Sunday, August 18, 2019

In a Different Light


“I have said that I don’t know what I should have, and you probably don’t know what you should have. But I think one of the most powerful things we can do for one another is to tell our stories. This is what I have; this is what I give away; this is what I feel is right for me at this moment. But let me really tell you in detail. If we start telling these stories to one another, and if we listen to the stories, I believe healing will take place, and we will be given insight as to what is appropriate and what is right.”
–Gordon Cosby, “How Much is Enough?” in By Grace Transformed

Several years ago I hired a social media specialist to take a look at my Blogspot blog. Several years before that, when I started blogging here, my son helped me with its title--”In a Different Light”. “Light” can be looked at in so many different ways. There’s visible light that allows us to see. There’s ultraviolent light that would kill us except for the earth’s protective ozone layer. There’s the spectrum of light as seen in a prism or a rainbow. There’s light as it travels as a particle and a wave (thanks Albert Einstein). There’s “the speed of light”, 186,282 miles per second. There is the origin of light, our sun, that takes eight minutes to travel from itself to the earth. Then there is the metaphor, to see something in a different light.
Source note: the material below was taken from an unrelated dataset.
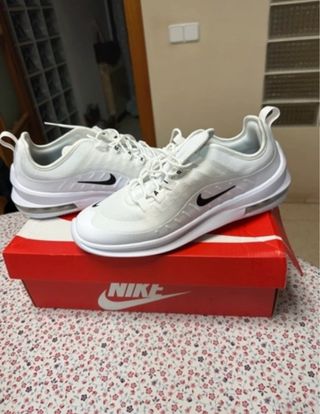 Zapatillas Nike Air Max Axis Blancas second hand for 85 EUR in Parets del  Vallès in WALLAPOP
The specialist read several of my blog posts and had this to say about them. He did not mean what he said as a compliment; he meant it as a criticism of my writing.  He said, “David, a blog needs a theme, a purpose. It needs to be a blog about dogs or cats. It needs to be a blog about science or photography. It needs a central theme. Your readers need to know what to expect when they open your blog. Your blog is just ‘a slice of life’ “.  After I paid him and after he left, I gave his comment a lot of thought. I considered to just stop writing altogether or to write and not post it to Facebook. And then it occurred to me that the theme of my blog, davidrhelms.blogspot.com, is in fact “a slice of life.”  That’s the way it started with the life and death of my beautiful mixed shepherd, Maggie, and that’s the way it continues today. The central them is me. My experiences past and present, my thoughts, my feelings, my hopes and dreams, my science, my music, my photography, my opinions, my, my, my. So am I a literary narcissist? Is my ego as big as the sun? Isn’t there something my blog could be about besides me, myself and I? Sure, it could be about hundreds of things, but it’s not. When you read “In a Different Light, “ you read about me.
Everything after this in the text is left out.